(WHAT NEEDS TO BE DONE): Every line from the one with "Benetton Benetton Multi" to the end of the listing, and nothing else, is to be printed exactly; please leave the pictures out.

(DATASET CONTENT):

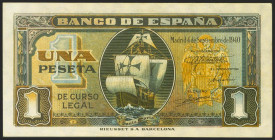 1 Peseta. 4 de Septiembre de 1940. Sin serie. (Edifil 2021: 442). Apresto original. SC-.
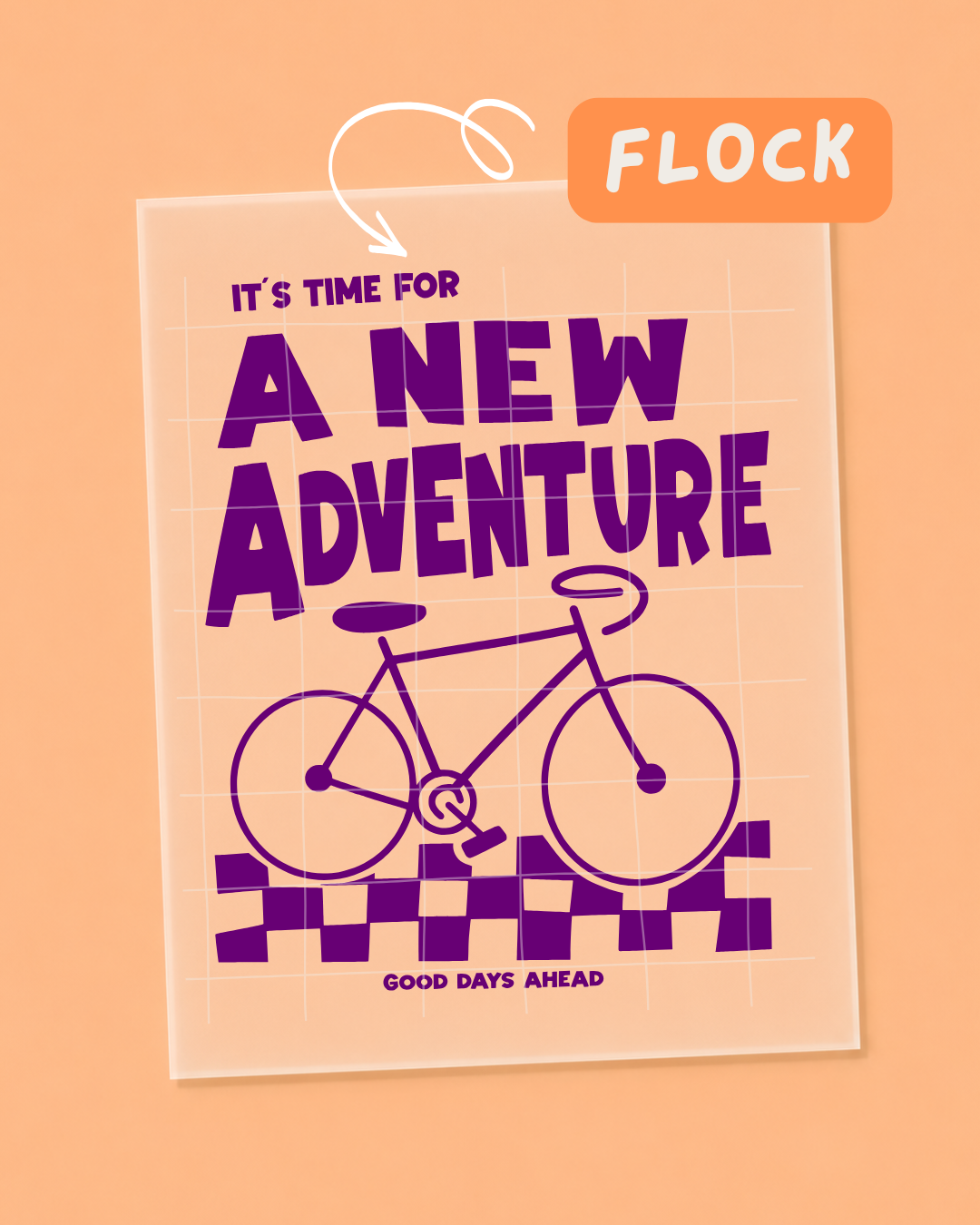 FLOCK motif thermocollant vélo, Adventure - FLOCK thermocollant à repasser: Grün / Klein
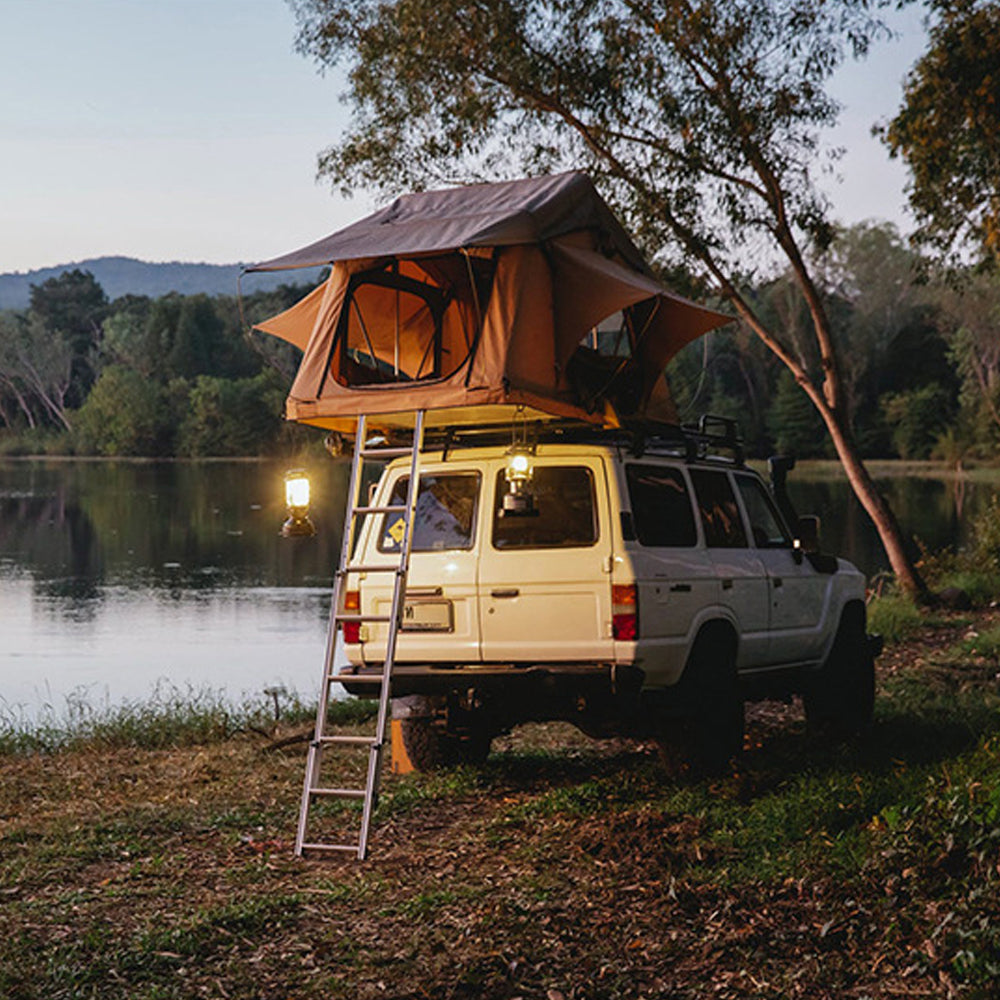 Jiadrooe Aether A9063 4-Season Soft Shell Rooftop Tent with Insulated Base & 600D Rip-Stop Canvas (Khaki/Coffee)
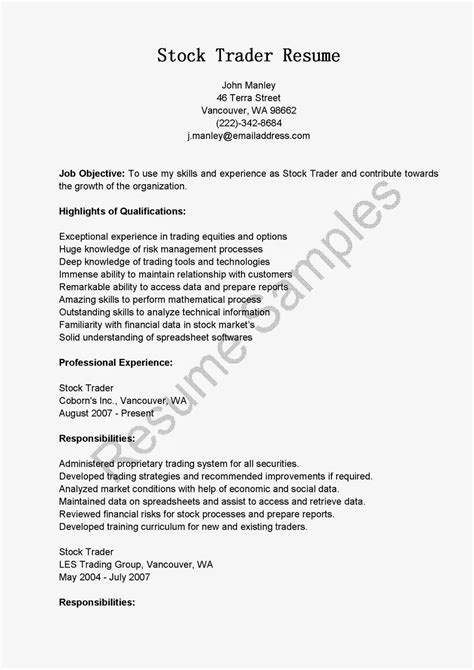 Resume Samples Stock Trader Resume Sample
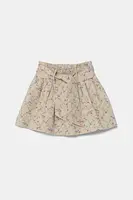 Dětská bavlněná sukně United Colors of Benetton béžová barva, mini, áčková, 40VFG0013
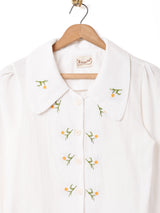 Elcamino ビッグカラー 刺繍 長袖ブラウス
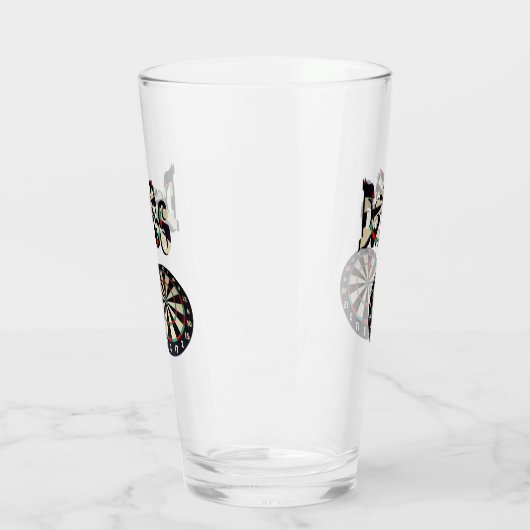 Tafel mit Dartbild-Logo, Glas (Links)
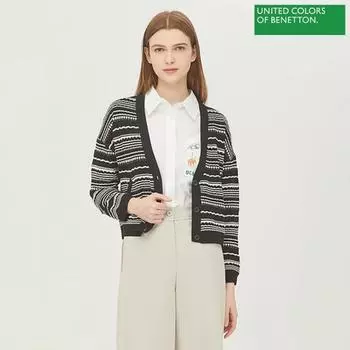 Benetton Benetton Multi Stripe Knit Cardigan Bakc51331 Bk blacks/OS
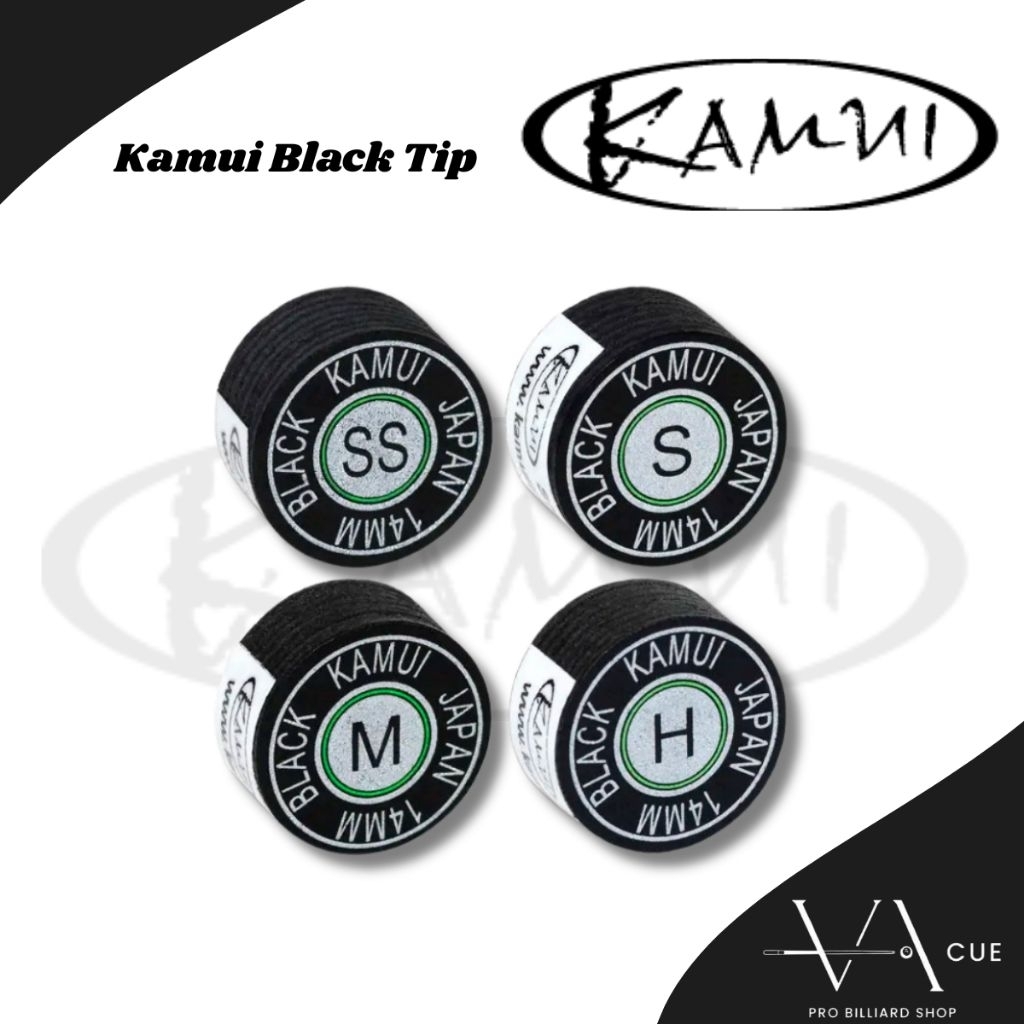 Kamui Black Cue Tip - Tip Stik Billiard Kamui Black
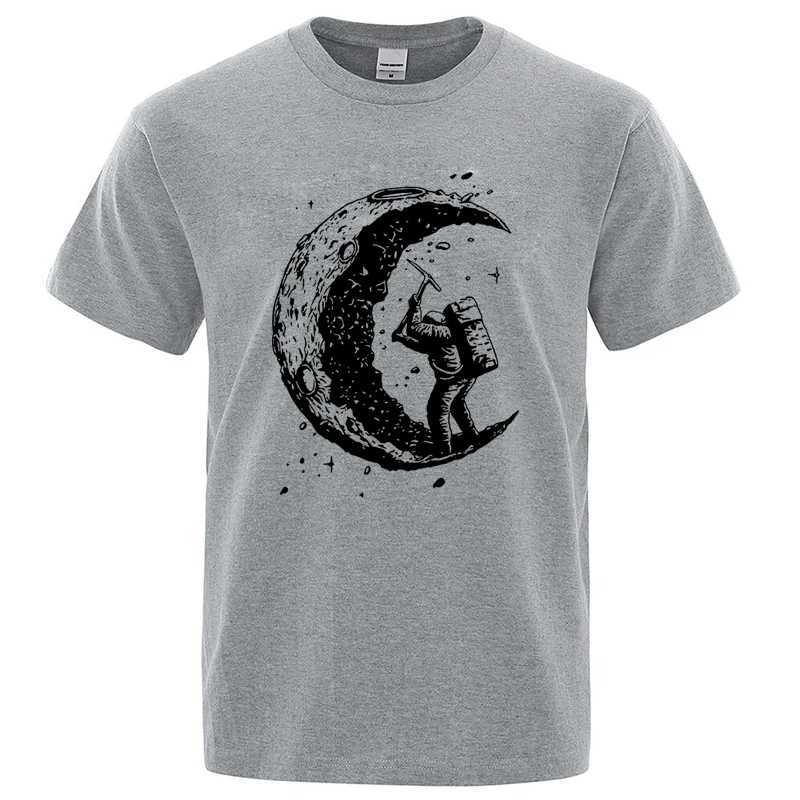 Mens High Quality 100 Cotton Moon Print Casual Summer Cool Short Sleeve Men Tshirt Loose tshirt Male Tee Shirts Male Tee TopsXJ251023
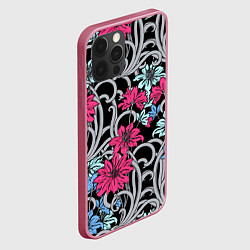 Чехол для iPhone 12 Pro Max Цветочный летний паттерн Fashion trend, цвет: 3D-малиновый — фото 2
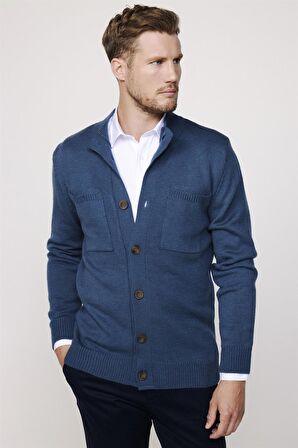 Erkek Slim Fit Dik Yaka Düğmeli Çift Cepli Petrol Yeşili Hırka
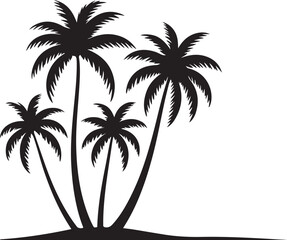Tropical Island Paradise A Silhouette of Palm Trees Against a Clear Sky Evokes Relaxation and Summer Vacation Vibes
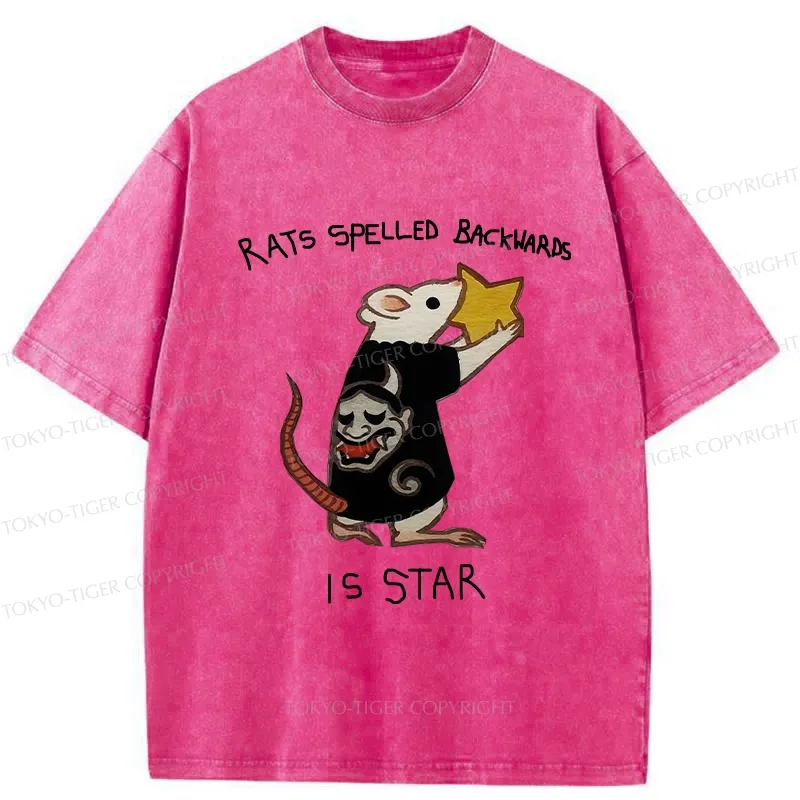 Tokyo-Tiger Rats Spelled Backwards Is Star Funny Washed T-Shirt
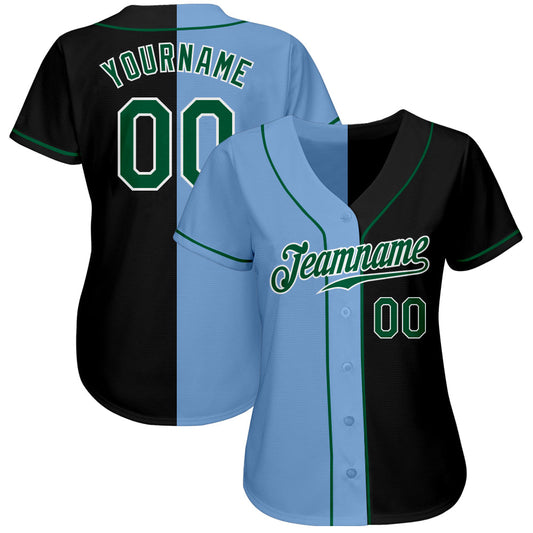 Custom Black Kelly Green-Light Blue Authentic Split Fashion Baseball Jersey - Sky-Custom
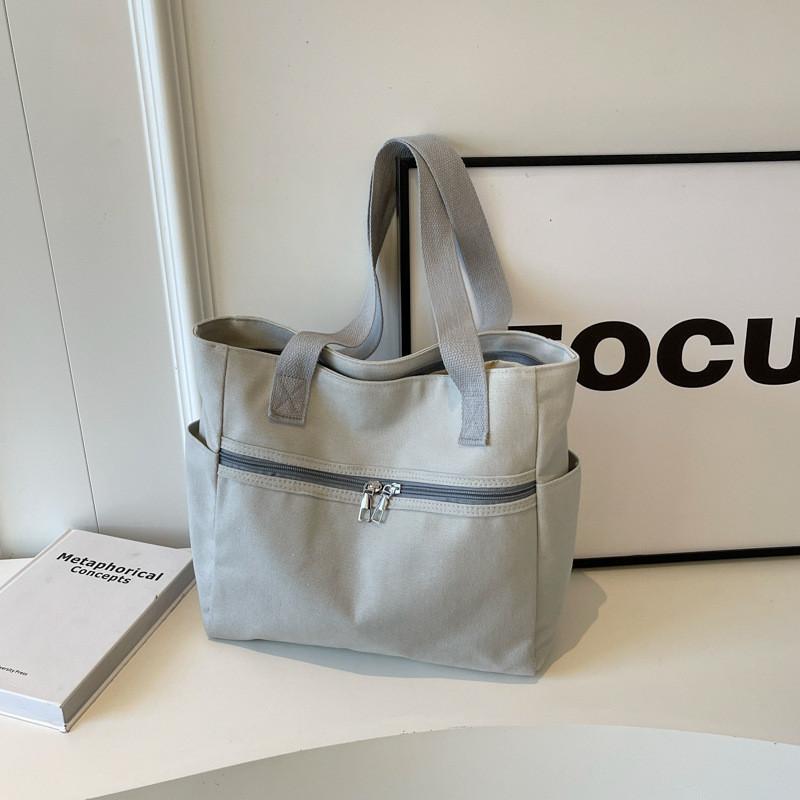 Stylish Street Fashion Large Capacity Canvas Tote Bag For Women With Inner Pocket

(YOUR SOLUTION):
 Benetton Benetton Multi Stripe Knit Cardigan Bakc51331 Bk blacks/OS
 Kamui Black Cue Tip - Tip Stik Billiard Kamui Black
 Mens High Quality 100 Cotton Moon Print Casual Summer Cool Short Sleeve Men Tshirt Loose tshirt Male Tee Shirts Male Tee TopsXJ251023
 Чехол для iPhone 12 Pro Max Цветочный летний паттерн Fashion trend, цвет: 3D-малиновый — фото 2
 Erkek Slim Fit Dik Yaka Düğmeli Çift Cepli Petrol Yeşili Hırka
Tropical Island Paradise A Silhouette of Palm Trees Against a Clear Sky Evokes Relaxation and Summer Vacation Vibes
 Tokyo-Tiger Rats Spelled Backwards Is Star Funny Washed T-Shirt
 Custom Black Kelly Green-Light Blue Authentic Split Fashion Baseball Jersey - Sky-Custom
 Stylish Street Fashion Large Capacity Canvas Tote Bag For Women With Inner Pocket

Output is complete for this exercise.